■ DATA SEGMENT ■
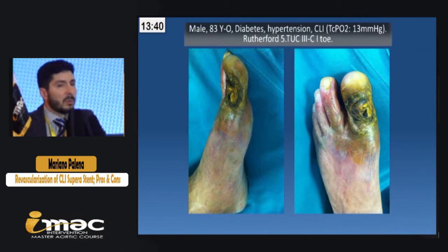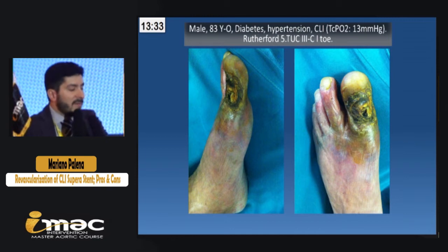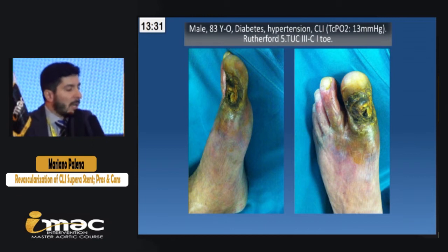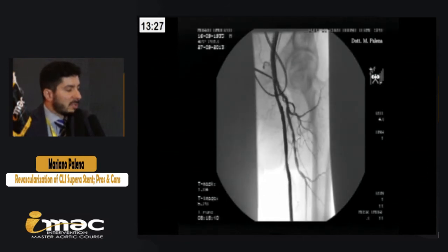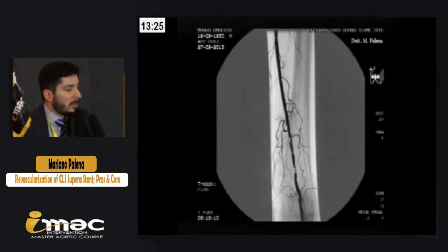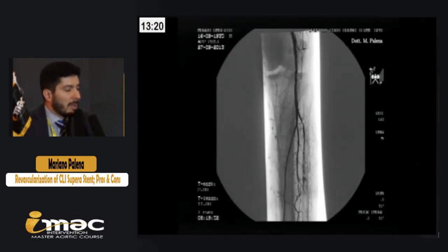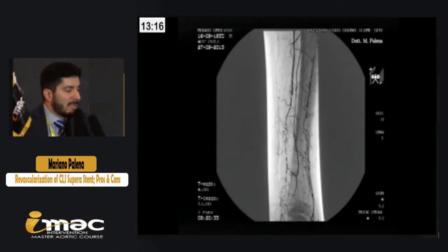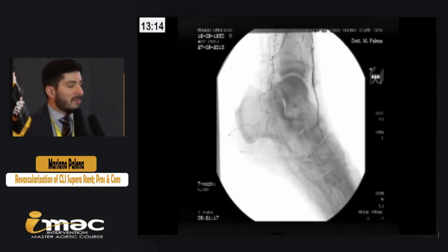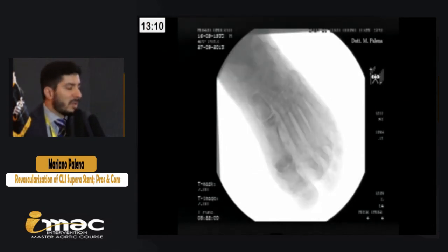Let me introduce the topic with a case. This is a male, 83 years old, with diabetes, hypertension, and CLI — as you can see, with first toe gangrene. Antegrade access in the common femoral showed lesions in the P1 and P2 segments, sub-occlusive, multiple stenoses in the proximal anterior tibial, an occlusion of the AT, and distal occlusion of the posterior tibial. So we don't have adequate blood flow for this foot. The main vessels are absent, but we do have a tarsal artery.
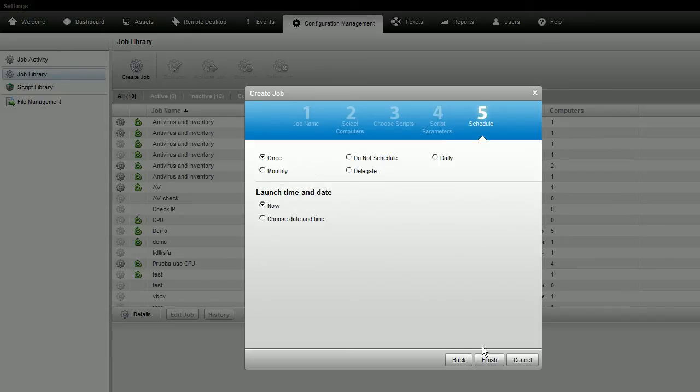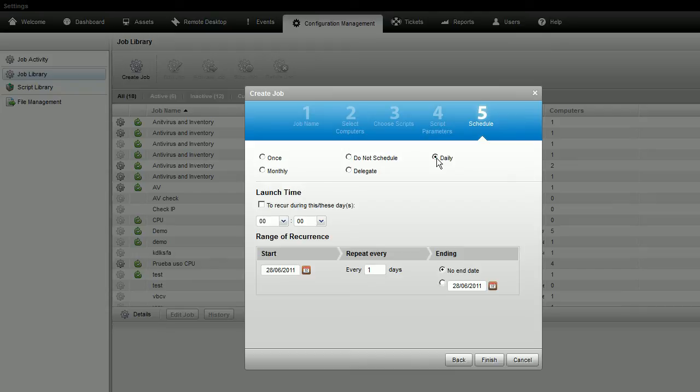Schedule the job frequency. Set the launch parameters and click Finish.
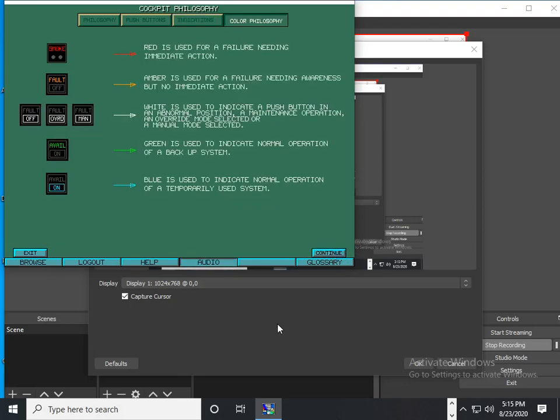The illuminated push button and annunciator lights are of different colors according to their function.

■ TASK INSTRUCTIONS ■
The copy should hold, exactly, the lines from the one containing "Schedule the job" to the final line of the listing above, with both ends present and no pictures.

■ RESPONSE FOR THIS EXERCISE ■
Schedule the job frequency. Set the launch parameters and click Finish.
The illuminated push button and annunciator lights are of different colors according to their function.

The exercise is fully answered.